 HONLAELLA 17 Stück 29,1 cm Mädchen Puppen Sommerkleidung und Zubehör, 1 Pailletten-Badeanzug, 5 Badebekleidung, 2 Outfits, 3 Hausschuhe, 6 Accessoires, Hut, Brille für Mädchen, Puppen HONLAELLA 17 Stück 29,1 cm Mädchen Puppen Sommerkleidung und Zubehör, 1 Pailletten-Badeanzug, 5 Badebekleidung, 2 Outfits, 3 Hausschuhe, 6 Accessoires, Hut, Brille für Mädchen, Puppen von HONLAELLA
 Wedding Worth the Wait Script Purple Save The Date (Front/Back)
* * * * * * *
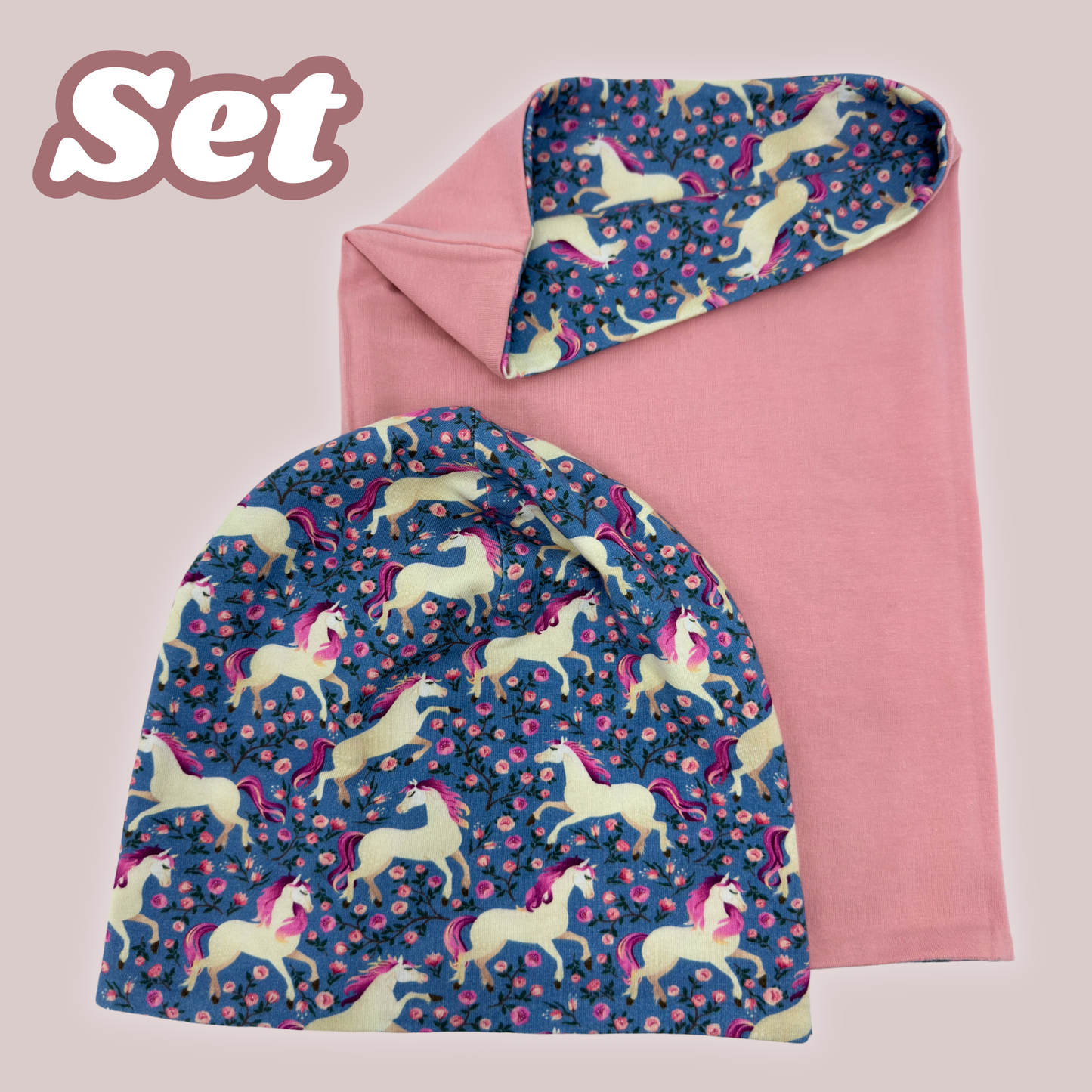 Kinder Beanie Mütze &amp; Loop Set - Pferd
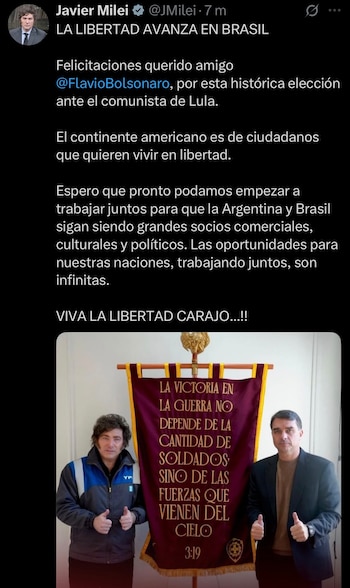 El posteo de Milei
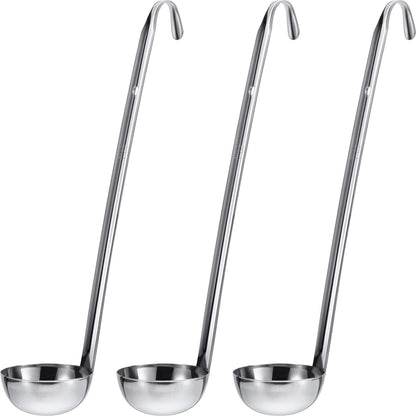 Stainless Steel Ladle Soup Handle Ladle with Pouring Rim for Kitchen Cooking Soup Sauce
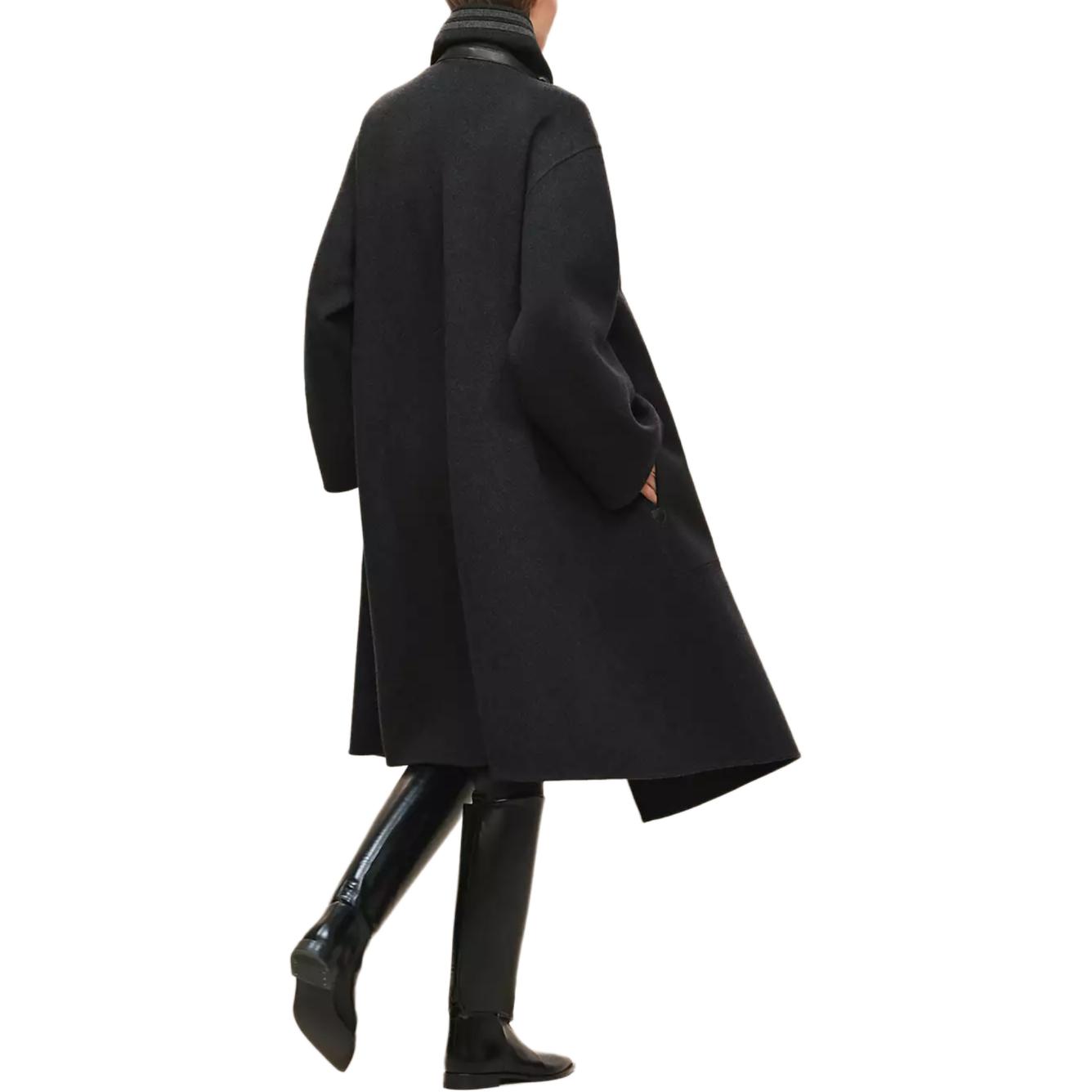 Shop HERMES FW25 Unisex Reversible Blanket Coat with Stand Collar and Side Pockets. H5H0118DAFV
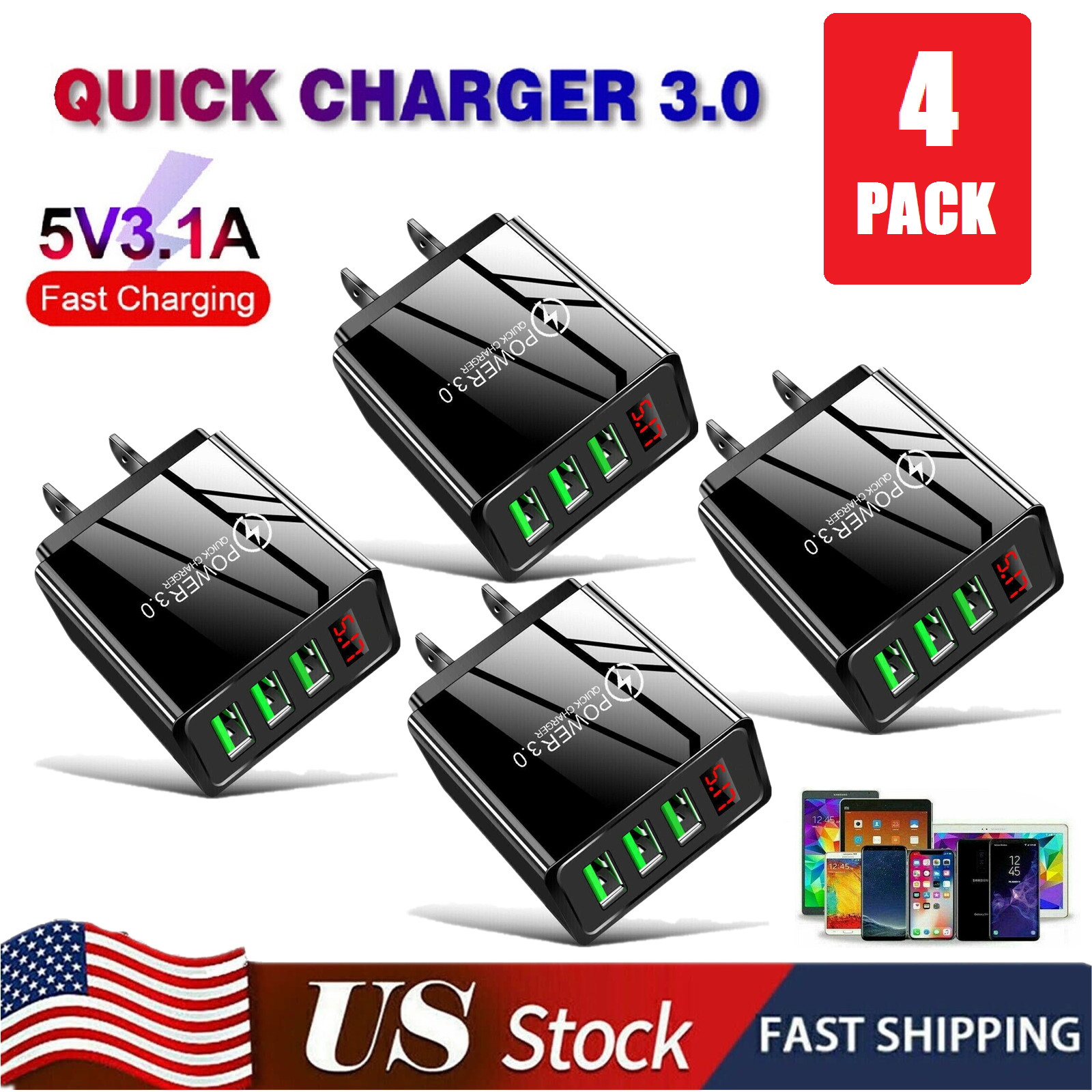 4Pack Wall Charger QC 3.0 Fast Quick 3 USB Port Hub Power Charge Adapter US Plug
* * * * * * *
Output exactly the lines of the listing above that start with the one holding "Shop HERMES FW25" and go on through the one holding "4Pack Wall Charger"; leave the pictures out.

 Shop HERMES FW25 Unisex Reversible Blanket Coat with Stand Collar and Side Pockets. H5H0118DAFV
 4Pack Wall Charger QC 3.0 Fast Quick 3 USB Port Hub Power Charge Adapter US Plug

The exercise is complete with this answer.